-- RECORDED DATA --
-=-=-=-=-

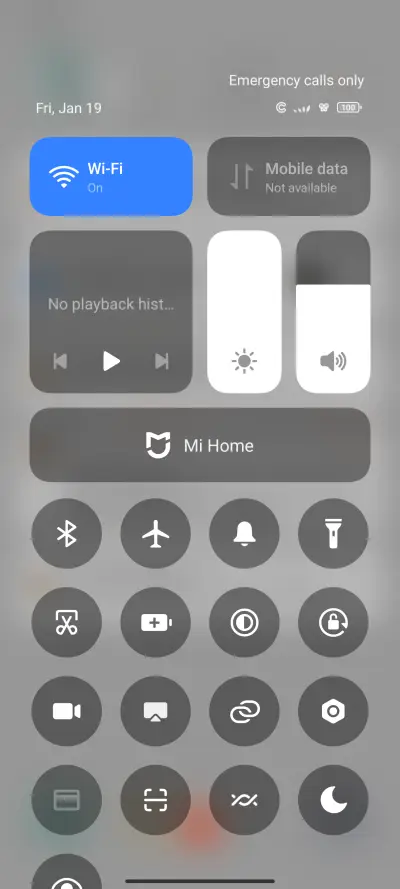 Plain white UI - Screenshot 5
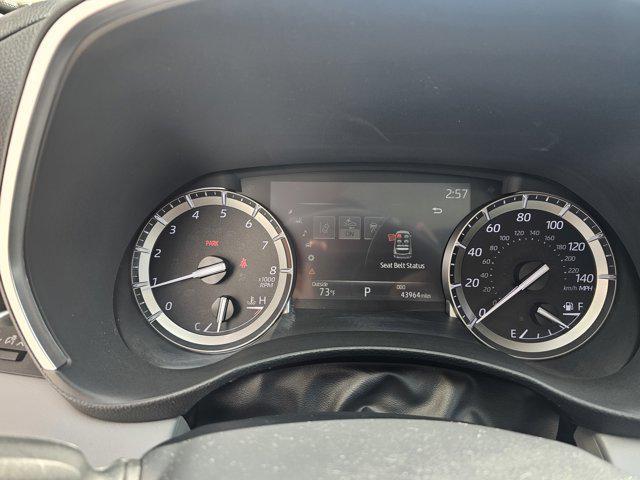 used 2022 Toyota Highlander car, priced at $39,990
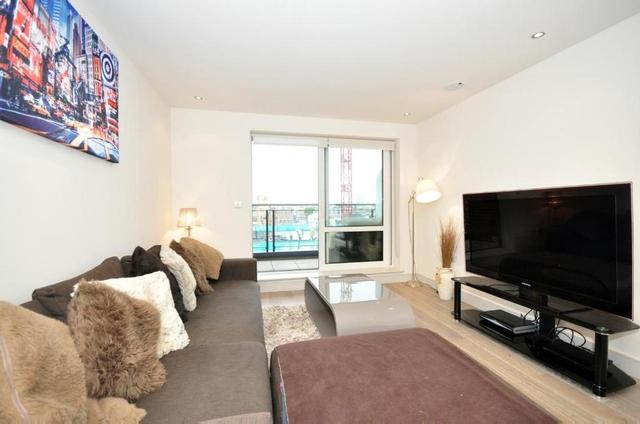  Image of 2 bedroom Flat to rent in Westferry Circus London E14 at Westferry Circus, Canary Wharf, E14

-=-=-=-=-

Give back only the lines from the one that carries "used 2022 Toyota" through the final line above, both included. Drop all pictures.

 used 2022 Toyota Highlander car, priced at $39,990
  Image of 2 bedroom Flat to rent in Westferry Circus London E14 at Westferry Circus, Canary Wharf, E14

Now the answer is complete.